Without any of its pictures, the listing below should be output exactly.
━━━ MATERIAL SUPPLIED ━━━
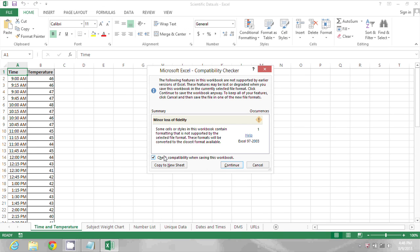Now, it's going to ask if I'm okay with losing some formatting. I don't have any formatting in this workbook that I'm worried about losing, but sometimes if you're using the more advanced features of the newer versions of Excel, you could lose those. So I'm just going to click Continue,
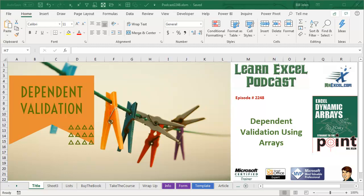Learn Excel from MrExcel Podcast, episode 2248, Dependent Validation using Arrays.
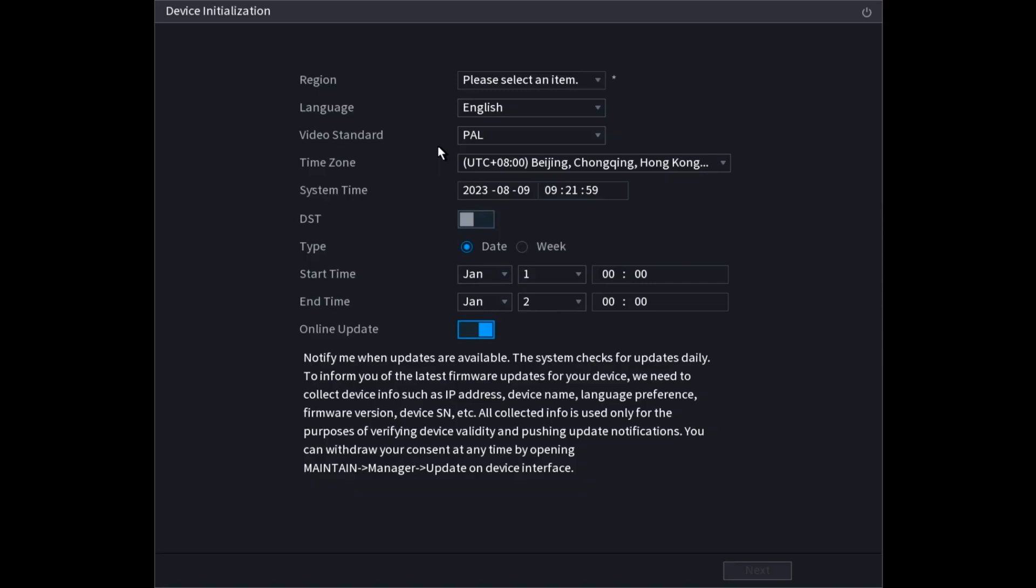Hello and welcome to my YouTube channel. In this session, I will be sharing a tutorial on how to do the initial setup on a Dahua NVR.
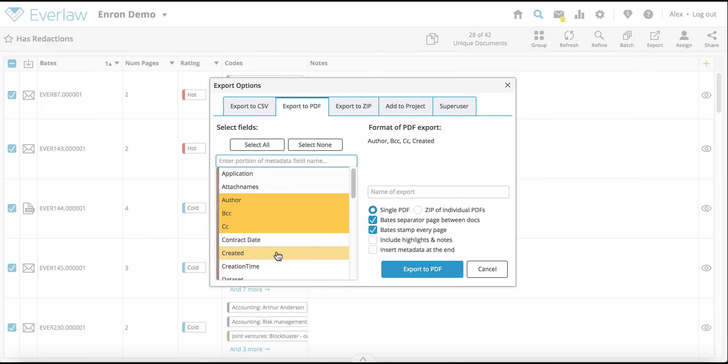Other export options allow you to include any combination of Bates document separators, Bates stamps on every page, as well as highlights and notes.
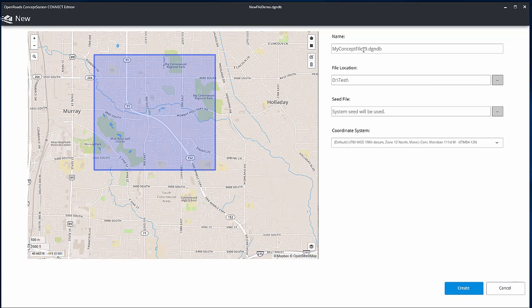Set the file location to where the new file will be created, type the name of the new file, and select the proper coordinate system for the project.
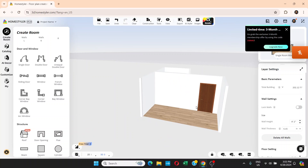I won't go further — this is a basic tutorial on how you can design simple 3D rooms in Home Styler. I hope you like the video. If you do, don't forget to hit the Like button, leave a comment, and subscribe to this channel.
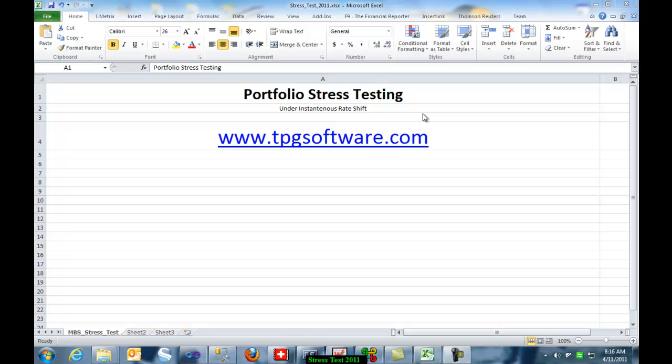Hello, this is Slavek with TPG Software. In this video, I would like to demonstrate how TPG stresses your portfolio of mortgages, CMOs, agencies and such instruments using instantaneous rate shift.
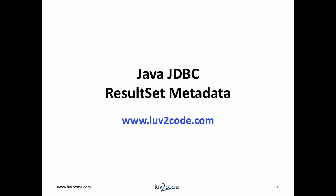Hi, this is Shad with lovetocode.com. Welcome back to another tutorial on Java JDBC.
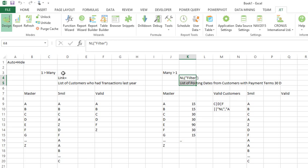And that in a nutshell is how you'll use NL filter or link equals. It just depends on whether you're going from one to many, or many to one.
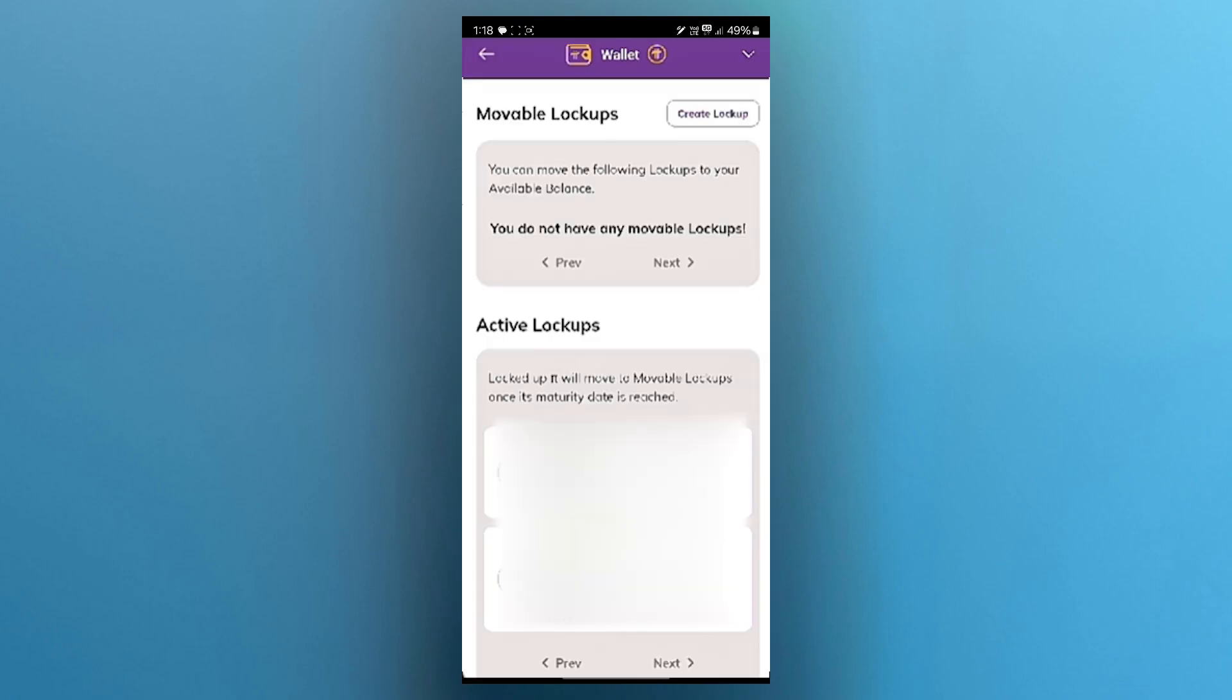All you need to do here is click on the lockups button available just right here. Now it will take you to this page. Click on create lockup button at the top.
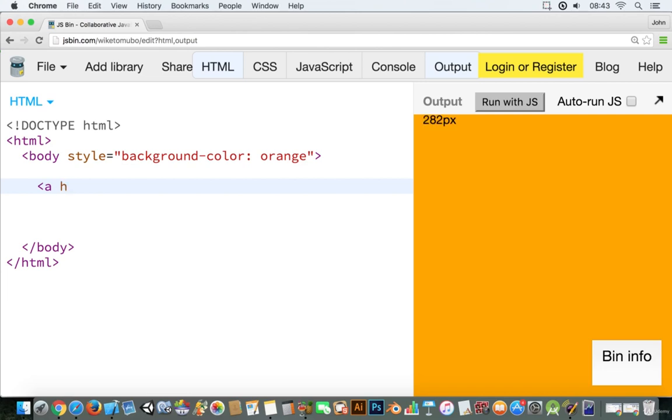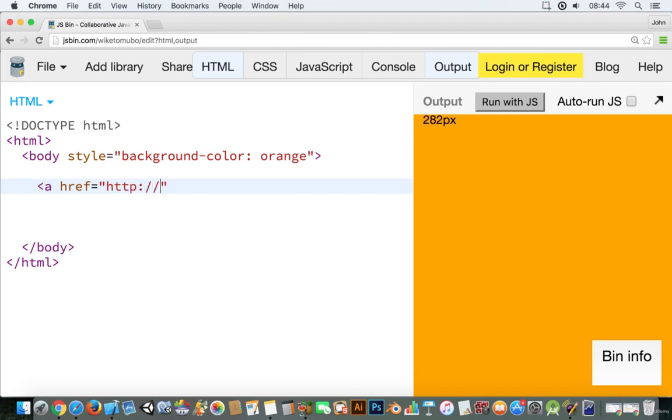So what I'm going to do is I'm going to add in an h-r-e-f which stands for hypertext reference. Make that equal to the website you want to go to and I'm going to type in my website.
━━━
RESPONSE FOR THIS EXERCISE:
Now, it's going to ask if I'm okay with losing some formatting. I don't have any formatting in this workbook that I'm worried about losing, but sometimes if you're using the more advanced features of the newer versions of Excel, you could lose those. So I'm just going to click Continue,
Learn Excel from MrExcel Podcast, episode 2248, Dependent Validation using Arrays.
Hello and welcome to my YouTube channel. In this session, I will be sharing a tutorial on how to do the initial setup on a Dahua NVR.
Other export options allow you to include any combination of Bates document separators, Bates stamps on every page, as well as highlights and notes.
Set the file location to where the new file will be created, type the name of the new file, and select the proper coordinate system for the project.
I won't go further — this is a basic tutorial on how you can design simple 3D rooms in Home Styler. I hope you like the video. If you do, don't forget to hit the Like button, leave a comment, and subscribe to this channel.
Hello, this is Slavek with TPG Software. In this video, I would like to demonstrate how TPG stresses your portfolio of mortgages, CMOs, agencies and such instruments using instantaneous rate shift.
Hi, this is Shad with lovetocode.com. Welcome back to another tutorial on Java JDBC.
And that in a nutshell is how you'll use NL filter or link equals. It just depends on whether you're going from one to many, or many to one.
All you need to do here is click on the lockups button available just right here. Now it will take you to this page. Click on create lockup button at the top.
So what I'm going to do is I'm going to add in an h-r-e-f which stands for hypertext reference. Make that equal to the website you want to go to and I'm going to type in my website.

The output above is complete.